Le temps file à toute allure chez Annie Ernaux... Prenant prétexte d' une série de photos qui la représentent depuis son enfance jusqu'à l'âge mûr, l'écrivain déclenche, dans "Les Années" (Gallimard), un tsunami de souvenirs qu'on appelle paraît-il un roman... Un critique a même été jusqu'à parler d'un "grand roman national" ! Car c'est toute la France qui défile au pas de charge sous la baguette d'Annie: le Vélosolex, le dentifrice à la chlorophylle, Maurice Biraud à la radio, la guerre d'Algérie, la Nouvelle Vague, la pub pour le shampoing Dop... Et ainsi de suite, jusqu'à la réélection de Chirac et la dernière version de Windows...

Annie Ernaux s'efface derrière son catalogue: un 33 tour de jazz, par exemple, offert par la Guilde Internationale du disque, ainsi qu'un vinyle de Sidney Bechet apparaissent au détour d'une page, mais ce ne sont que des apparitions justement... Que ressentait-elle à l'écoute de ces disques? Trop tard! Annie Ernaud est déjà passée à la crise hongroise de 56 et aux romans de Françoise Sagan...

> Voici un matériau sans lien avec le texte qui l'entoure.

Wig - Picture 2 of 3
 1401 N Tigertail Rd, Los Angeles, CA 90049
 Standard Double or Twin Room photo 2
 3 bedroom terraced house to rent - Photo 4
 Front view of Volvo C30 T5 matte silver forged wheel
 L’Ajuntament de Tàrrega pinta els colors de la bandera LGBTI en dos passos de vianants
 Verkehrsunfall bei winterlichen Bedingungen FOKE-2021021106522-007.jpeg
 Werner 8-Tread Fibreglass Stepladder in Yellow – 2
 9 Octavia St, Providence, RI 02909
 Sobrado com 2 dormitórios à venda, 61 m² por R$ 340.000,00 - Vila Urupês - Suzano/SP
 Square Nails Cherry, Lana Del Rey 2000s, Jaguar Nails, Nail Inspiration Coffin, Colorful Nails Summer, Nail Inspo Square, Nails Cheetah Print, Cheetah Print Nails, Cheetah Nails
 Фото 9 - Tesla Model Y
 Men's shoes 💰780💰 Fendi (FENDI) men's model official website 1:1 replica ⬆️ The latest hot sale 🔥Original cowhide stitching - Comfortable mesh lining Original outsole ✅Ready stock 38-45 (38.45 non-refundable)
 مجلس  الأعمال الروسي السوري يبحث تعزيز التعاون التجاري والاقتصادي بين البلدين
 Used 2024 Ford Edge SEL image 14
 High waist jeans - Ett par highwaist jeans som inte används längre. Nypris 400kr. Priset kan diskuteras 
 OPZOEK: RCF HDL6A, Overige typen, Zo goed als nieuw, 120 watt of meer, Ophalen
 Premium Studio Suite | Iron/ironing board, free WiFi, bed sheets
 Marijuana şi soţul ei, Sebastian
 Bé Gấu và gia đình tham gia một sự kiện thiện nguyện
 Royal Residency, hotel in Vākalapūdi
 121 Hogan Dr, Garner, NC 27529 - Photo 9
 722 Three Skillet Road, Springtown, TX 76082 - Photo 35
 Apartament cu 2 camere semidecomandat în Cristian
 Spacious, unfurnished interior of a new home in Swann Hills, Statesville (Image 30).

Le problème, c'est que cet effacement du "je" entraîne automatiquement un effacement du monde. Rien ne surgit, rien ne fait trace pour le lecteur dans cet enchevêtrement de souvenirs surgelés. Même les plus beaux combats, ceux du féminisme et de Mai 68, se retrouvent rabougris sous l'assaut conjugué d' une prose minimaliste et d'un excès de lieux communs. Avec tout le respect que l'on doit à nos grands auteurs, et en s'inclinant platement face aux critiques dithyrambiques qui ont accompagné son nouvel opus, on pourra peut-être délaisser la compil' d'Annie Ernaux pour un bon vieux numéro des "Enfants de la Télé"... Dans le genre "Ah ce que ça fait du bien de remonter le temps", les échantillons proposés ont au moins le mérite de contourner l'esprit de sérieux.